Colin Teed, AutopleX project manager at Jaguar Land Rover, said, “Merging at high-speed junctions will be a standard action autonomous vehicles must perform and constitutes an important step in realizing the vision of connected and automated mobility.”

Professor Mehrdad Dianati, head of intelligent vehicles research at WMG, added, “Onboard sensors may suffer from several limitations such as occlusions, limited range and other forms of impairments. Especially at motorway junctions, where the speed of vehicles is usually high, undetected traffic objects by the onboard sensor suite can impose severe threats on safety. Onboard perception can, therefore, become insufficient as a standalone solution for Level 4 autonomy. In this regard, the AutopleX project has developed a proof-of-concept solution that combines, in real time, the onboard perception of a connected vehicle approaching a motorway with infrastructure-based sensing for supporting a safe merge.”

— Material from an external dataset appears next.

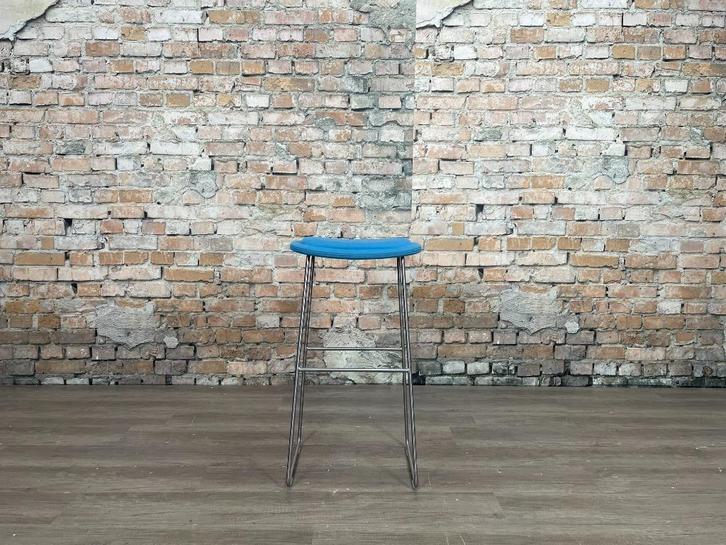 Cappellini Hi Pad Stool blauw II bij TheReSales, Huis en Inrichting, Barkrukken, Zo goed als nieuw, 60 tot 90 cm, Metaal, 1 kruk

Dr Konstantinos Koufos, senior research fellow at WMG, commented, “While the Open Innovation Vehicle Platform was driven by a human driver, the calculated trajectory, including speed and steering, of a hypothetical vehicle using the combined perception was visualized in real time on the in-vehicle monitors. This allowed the passengers to compare the trajectory of the hypothetical (or ghost) vehicle with the actual trajectory of the human-driven vehicle. Key performance indicators (KPIs) associated with road safety and passenger comfort were also calculated and compared during the merging maneuver. The next major step would be to engage the calculated trajectory of the ghost vehicle with the drive-by-wire system of the Open Innovation Vehicle Platform.”

Jet Feng, a project engineer at WMG, explained, “The roadside perception including the locations, speed and steering angle of motorway vehicles, was continuously broadcast (in the form of collective perception messages (CPMs)) and received by the vehicle’s onboard communication unit (OBU) on the Open Innovation Vehicle Platform while approaching the merging point of the junction. The received information was then combined with the onboard perception to improve the overall understanding of the environment and was visualized in real time via a bird’s eye view map of the junction, allowing the passengers to observe road traffic objects along the M40, which were not otherwise visible due to occlusions.”